Patient 2 (N6): A 5-year-old boy presented with a 1-day history of leukocytosis. Laboratory tests revealed a WBC count of 401.6 × 109/L, a Hb of 57 g/L, and a PLT of 52 × 109/L. BM examination revealed 93% myeloid blasts, which were morphologically classified as M1. Immunophenotyping confirmed the myeloid origin of the blasts, with strong expression of CD33, CD123, CD38, CD117, and HLA-DR. Chromosomal analysis revealed a normal karyotype (46, XY). Genetic testing revealed the NUP98-NSD1 fusion gene and mutations in FLT3-ITD and IDH1, confirming high-risk AML (M1).

The patient received induction therapy with the DAH regimen. On day 28, BM analysis revealed 8.5%, an MRD of 6.5%, and persistence of NUP98-NSD1 fusion and IDH1 mutations, while FLT3-ITD was undetectable. By day 46, disease progressed with myeloid blasts increasing to 28% and MRD also at 28%, along with continued positivity for NUP98-NSD1 and IDH1 mutations, indicating resistance to chemotherapy.

Treatment was modified to include gilteritinib, palbociclib, venetoclax, and azacitidine. By day 28 of the revised treatment, the patient achieved CR, with MRD reduced to less than 10–4. NUP98-NSD1 remained positive but was significantly reduced; FLT3-ITD and IDH1 mutations were undetectable. After HSCT, a 1-month follow-up confirmed CR, with an MRD less than 10–4 and no detectable NUP98-NSD1, FLT3-ITD, or IDH1 mutations. At the final follow-up, 243 days post-HSCT, the patient remained in CR, with no evidence of NUP98-NSD1.

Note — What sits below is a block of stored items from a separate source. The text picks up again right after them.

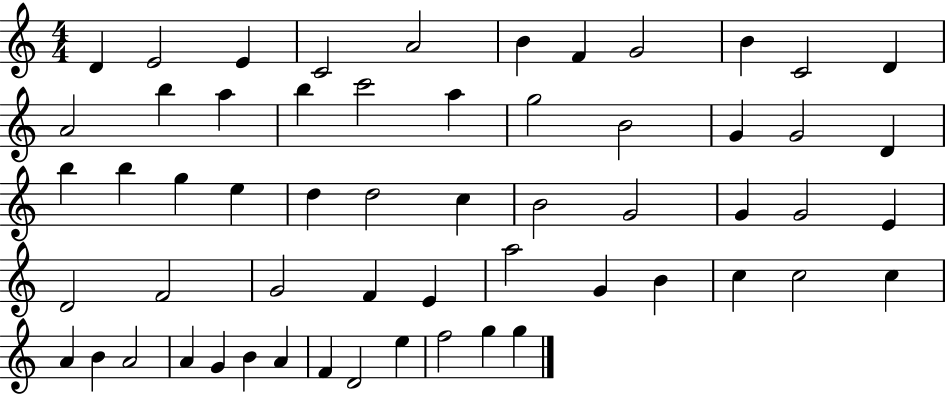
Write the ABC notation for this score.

X:1
T:Untitled
M:4/4
L:1/4
K:C
D E2 E C2 A2 B F G2 B C2 D A2 b a b c'2 a g2 B2 G G2 D b b g e d d2 c B2 G2 G G2 E D2 F2 G2 F E a2 G B c c2 c A B A2 A G B A F D2 e f2 g g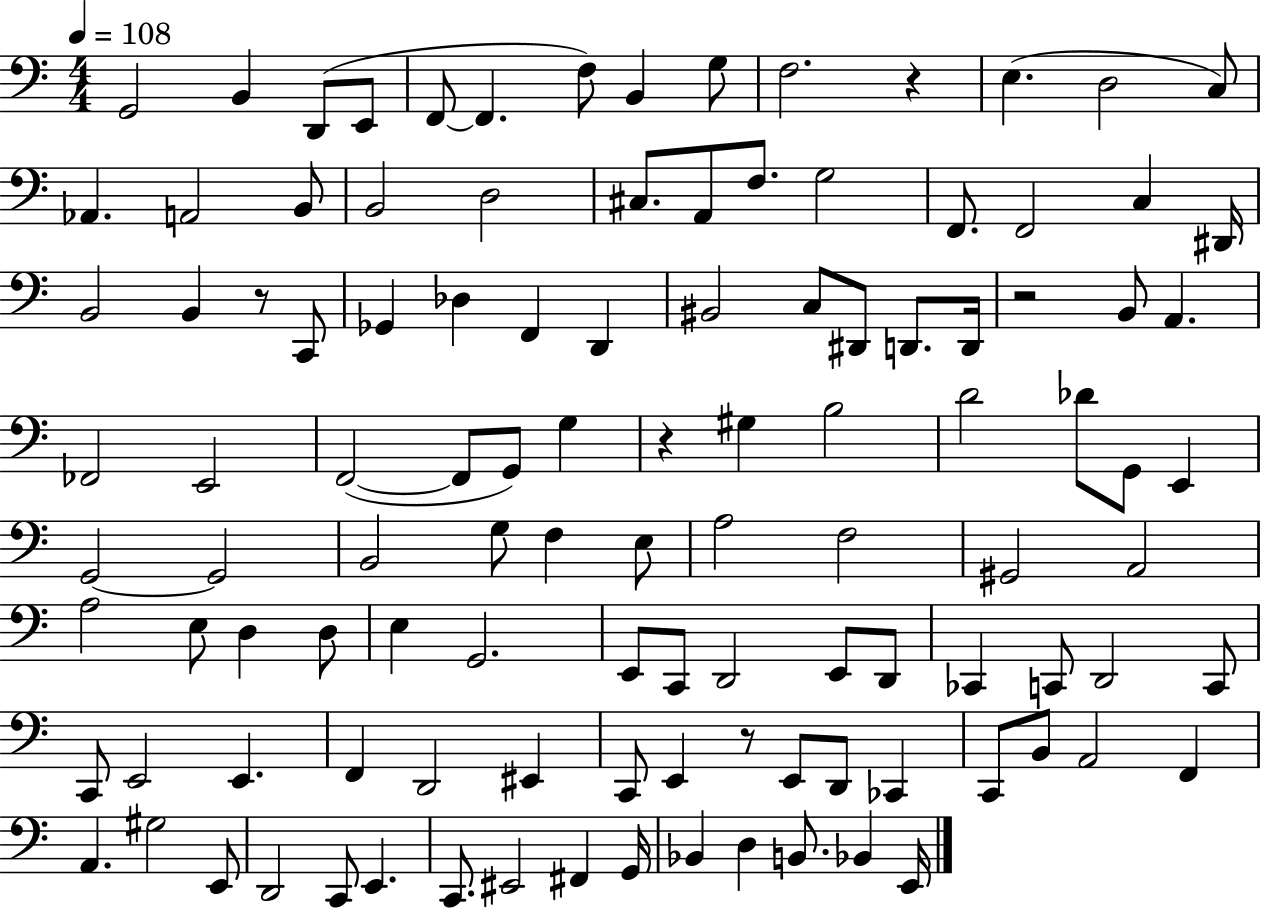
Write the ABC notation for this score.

X:1
T:Untitled
M:4/4
L:1/4
K:C
G,,2 B,, D,,/2 E,,/2 F,,/2 F,, F,/2 B,, G,/2 F,2 z E, D,2 C,/2 _A,, A,,2 B,,/2 B,,2 D,2 ^C,/2 A,,/2 F,/2 G,2 F,,/2 F,,2 C, ^D,,/4 B,,2 B,, z/2 C,,/2 _G,, _D, F,, D,, ^B,,2 C,/2 ^D,,/2 D,,/2 D,,/4 z2 B,,/2 A,, _F,,2 E,,2 F,,2 F,,/2 G,,/2 G, z ^G, B,2 D2 _D/2 G,,/2 E,, G,,2 G,,2 B,,2 G,/2 F, E,/2 A,2 F,2 ^G,,2 A,,2 A,2 E,/2 D, D,/2 E, G,,2 E,,/2 C,,/2 D,,2 E,,/2 D,,/2 _C,, C,,/2 D,,2 C,,/2 C,,/2 E,,2 E,, F,, D,,2 ^E,, C,,/2 E,, z/2 E,,/2 D,,/2 _C,, C,,/2 B,,/2 A,,2 F,, A,, ^G,2 E,,/2 D,,2 C,,/2 E,, C,,/2 ^E,,2 ^F,, G,,/4 _B,, D, B,,/2 _B,, E,,/4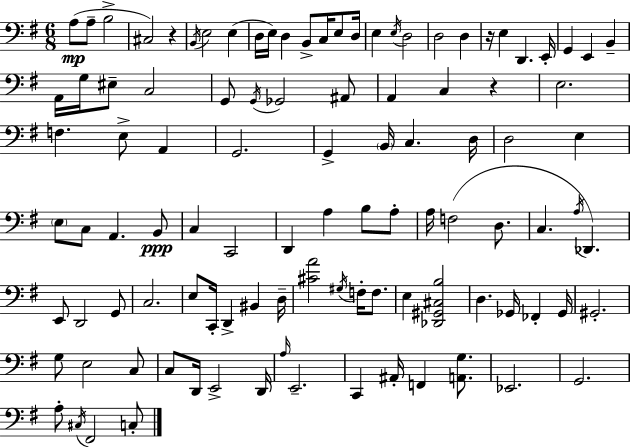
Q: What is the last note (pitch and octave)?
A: C3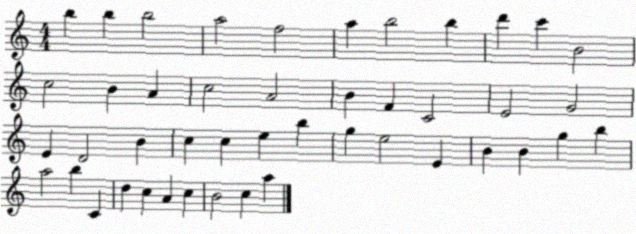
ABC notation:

X:1
T:Untitled
M:4/4
L:1/4
K:C
b b b2 a2 f2 a b2 b d' c' B2 c2 B A c2 A2 B F C2 E2 G2 E D2 B c c e b g e2 E B B g b a2 b C d c A c B2 c a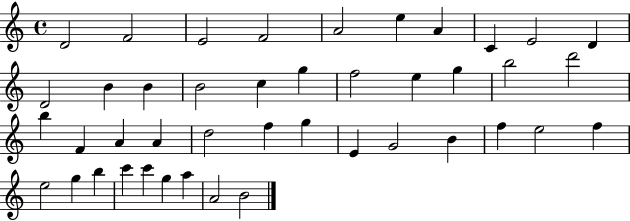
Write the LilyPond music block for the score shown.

{
  \clef treble
  \time 4/4
  \defaultTimeSignature
  \key c \major
  d'2 f'2 | e'2 f'2 | a'2 e''4 a'4 | c'4 e'2 d'4 | \break d'2 b'4 b'4 | b'2 c''4 g''4 | f''2 e''4 g''4 | b''2 d'''2 | \break b''4 f'4 a'4 a'4 | d''2 f''4 g''4 | e'4 g'2 b'4 | f''4 e''2 f''4 | \break e''2 g''4 b''4 | c'''4 c'''4 g''4 a''4 | a'2 b'2 | \bar "|."
}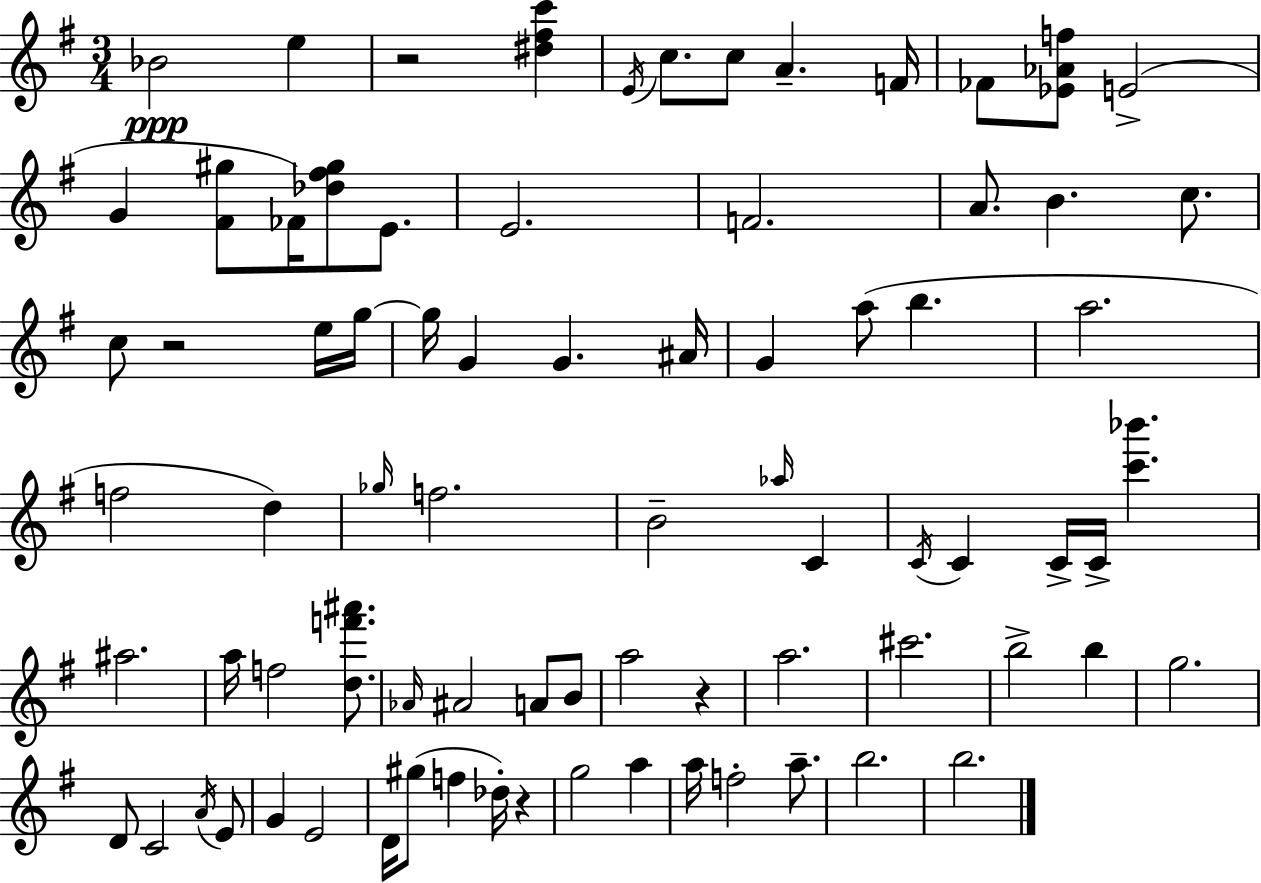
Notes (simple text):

Bb4/h E5/q R/h [D#5,F#5,C6]/q E4/s C5/e. C5/e A4/q. F4/s FES4/e [Eb4,Ab4,F5]/e E4/h G4/q [F#4,G#5]/e FES4/s [Db5,F#5,G#5]/e E4/e. E4/h. F4/h. A4/e. B4/q. C5/e. C5/e R/h E5/s G5/s G5/s G4/q G4/q. A#4/s G4/q A5/e B5/q. A5/h. F5/h D5/q Gb5/s F5/h. B4/h Ab5/s C4/q C4/s C4/q C4/s C4/s [C6,Bb6]/q. A#5/h. A5/s F5/h [D5,F6,A#6]/e. Ab4/s A#4/h A4/e B4/e A5/h R/q A5/h. C#6/h. B5/h B5/q G5/h. D4/e C4/h A4/s E4/e G4/q E4/h D4/s G#5/e F5/q Db5/s R/q G5/h A5/q A5/s F5/h A5/e. B5/h. B5/h.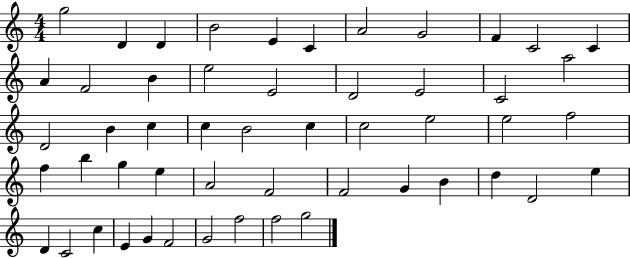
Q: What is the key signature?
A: C major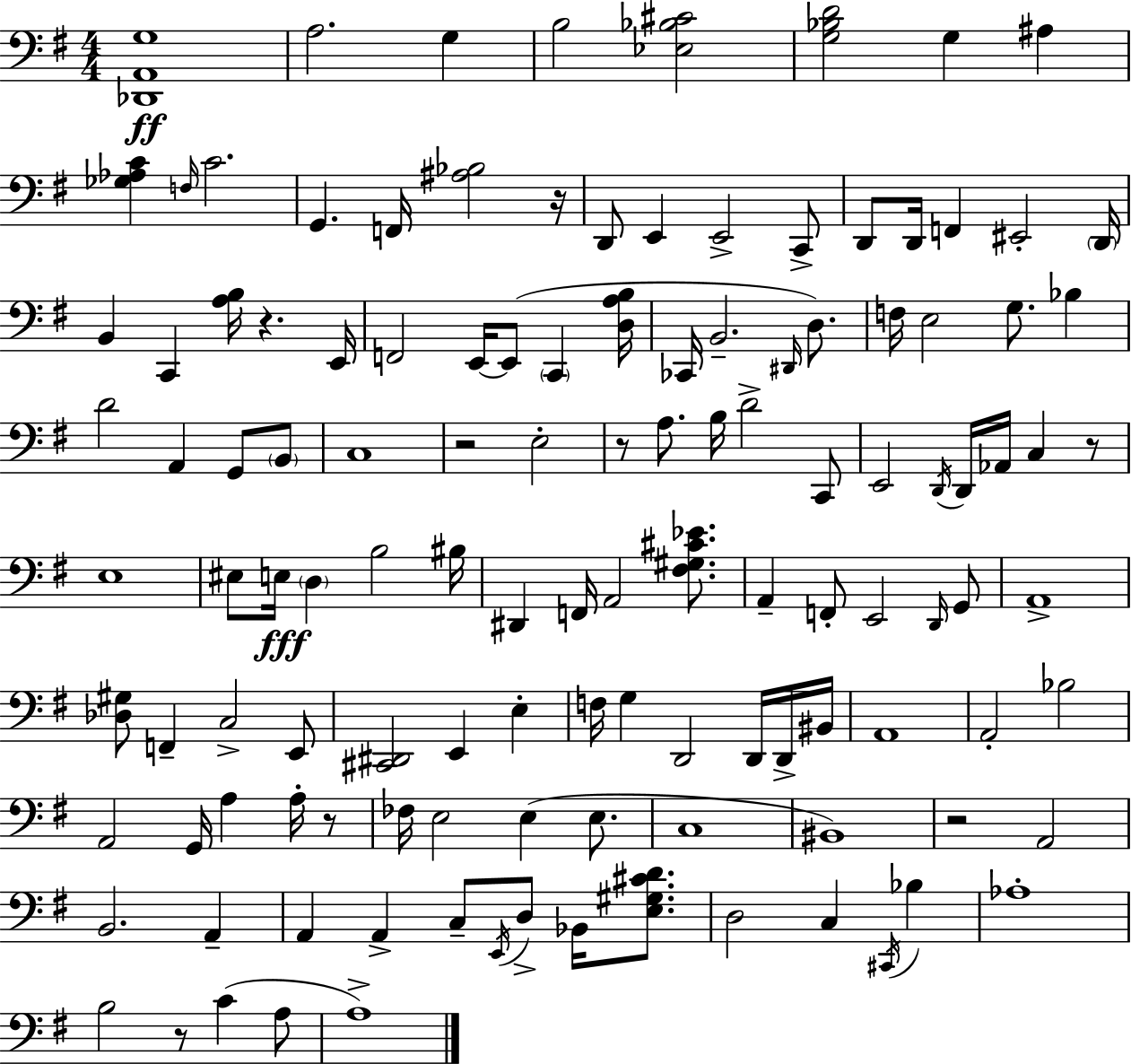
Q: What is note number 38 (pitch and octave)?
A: C3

Patient 3 (N9): A 5-year-old girl presented with a 1-day history of leukocytosis and bilateral eyelid petechiae. Laboratory tests revealed a WBC count of 482.79 × 109/L, a Hb of 73 g/L, and a PLT of 58 × 109/L. BM analysis revealed 90.5% blast cells. Immunophenotyping confirmed a myeloid blast phenotype with aberrant markers; strong expression of CD33, CD34, CD123, CD13, and HLA-DR; and weak expression of CD7 and CD71. Cytogenetic analysis revealed a normal karyotype (46, XY). The patient was diagnosed with unclassified AML, with the fusion gene NUP98-NSD1 identified, and with mutations in FLT3-ITD, WT1 and CEBPA.

After DAH induction therapy, day 28 evaluations revealed BM blast cells of 35%, an MRD of 25%, and persistent FLT3-ITD, WT1, and CEBPA mutations. A second course of IAH chemotherapy reduced the percentage of BM blasts to 15% and to 3.5%, indicating a limited response. Treatment was modified to the FLAG regimen (fludarabine, cytarabine, and granulocyte colony-stimulating factor). Unfortunately, the patient died of severe infection during this treatment. Posttreatment evaluations for fusion and mutation were not performed due to financial constraints.